Gemini-powered. Strong multimodal context — screenshots, diagrams, long document context. Useful for vision-heavy or context-rich tasks. Still maturing on agent loop depth.

The CLAUDE.md contract.

The thing that makes Claude Code genuinely different is the CLAUDE.md system. A well-designed CLAUDE.md file is not just instructions — it is an agent contract. It defines how the agent should reason about your codebase, what tools to prefer, when to ask versus assume, and which conventions are load-bearing.

A Claude Code setup with a thoughtful CLAUDE.md, a set of custom skills loaded from .claude/skills/, and an AGENTS.md covering conventions is a different class of tool than an autocomplete extension. It remembers your team's patterns across sessions. It escalates the right things and handles the obvious ones silently.

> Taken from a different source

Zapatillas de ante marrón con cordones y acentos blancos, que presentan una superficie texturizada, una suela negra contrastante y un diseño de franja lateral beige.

The right tool is the one whose agent primitives match the workflow you are building.

When to use what.

We use Claude Code for anything with a loop — implement, test, fix, verify. The agent runs commands, reads results, and iterates. When the loop is what makes the work, Claude Code is the primitive that handles it.

We use Cursor for pair-coding sessions where a human is in the loop at every step. When the iteration speed of Composer is more useful than a full autonomous loop.

We use Codex API calls for structured generation tasks where we want deterministic output shapes — generating a set of typed API clients, converting a spec to test stubs, extracting data from documents.

Most non-trivial AI-native development ends up using more than one. The skill is knowing which primitives the task needs before you start.

On MCP servers.

Model Context Protocol changes the composition story. An MCP server is a clean way to give any agent tool access to a system without baking that access into the agent's core. We have built MCP servers for Postgres, for Stripe, for internal admin surfaces. Once the server is registered, any tool that speaks MCP can use it — Claude Code, Cursor, Antigravity, whatever the next entrant is.

The right way to think about MCP is: it's the universal adapter between agents and systems. The agent primitives matter for the reasoning and loop. MCP matters for what the agent can reach. Both need to be designed, not bolted on.